Each day our daughter and her partner took us on tours of Tokyo where they were living. And the thing that stays with me, the visit to the shrine, all dark panelled and situated among glorious squat trees like full sized origami on platforms of rock. 

Everywhere tourists cast their votive offerings to the gods. As did I. 

I was horrified with what came back to me. I sent wishes that my book might find a publisher. Years before I wished for babies. And decades before that my dad might stop drinking or that he might die. 

All my wishes have come true though it took my father many years to die and by the time he was gone I was not so keen on his leaving. Nor was I distressed by his death.
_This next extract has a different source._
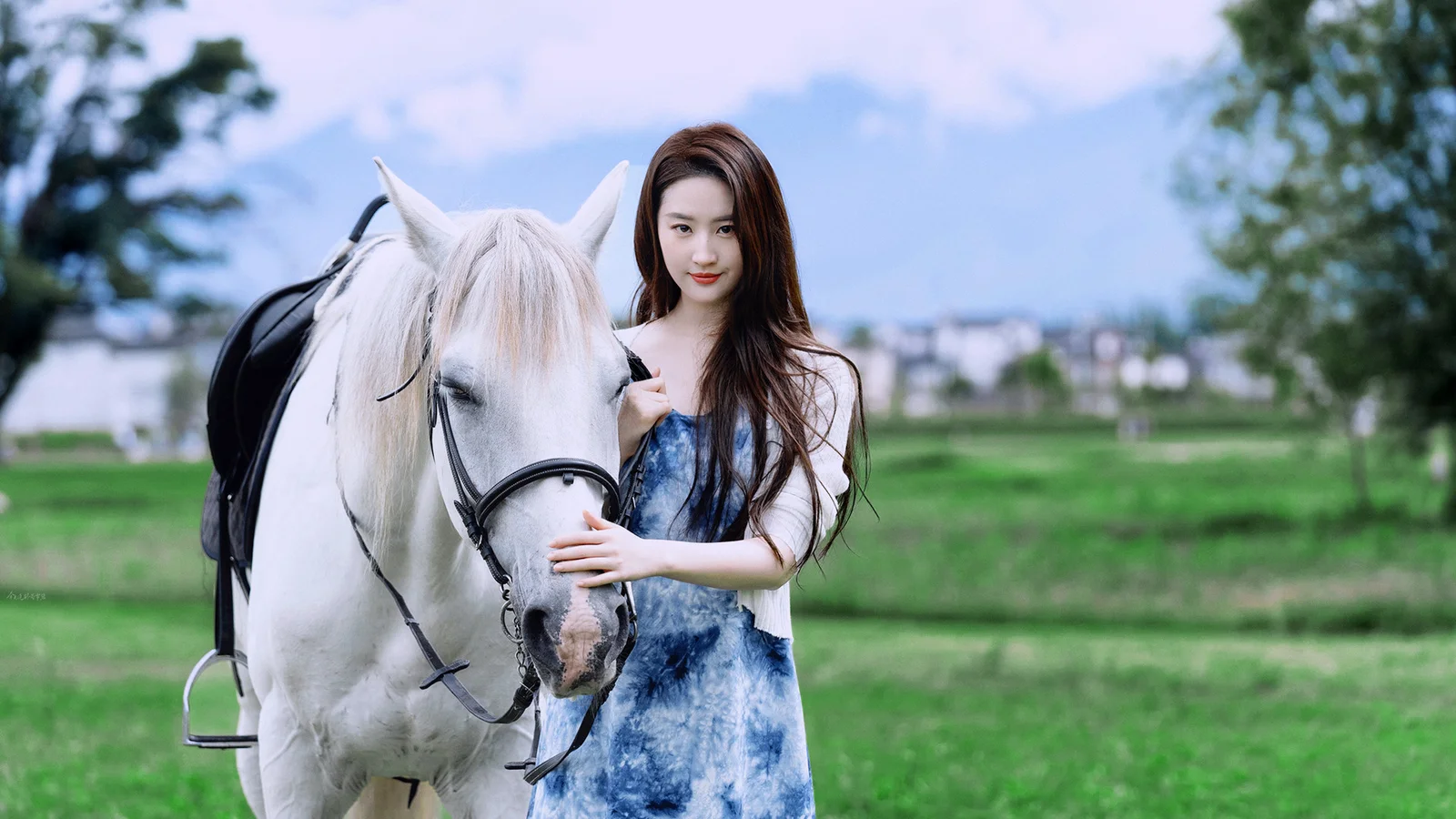 一名女子站在绿地上，身旁是一匹白马，远处可见树木和低矮建筑。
I can’t imagine what it must be like to be grief stricken on the death of a father. Though I see other people who grieve for their dadas in ways I can only imagine.

With my noise cancelling headphone cradling my ears, the malaise that has come upon me is now not so intense. Almost not there. 

I saw a tiny dead bird on the footpath on my walk with the dogs this morning. So pink so foetal. So sad it must have fallen from its nest and died there on the cold hard earth. 

I thought to take a photo, but it seemed sacrilegious somehow. As if to keep its death on view forever.

Better to let it fade under the tree where it first saw life.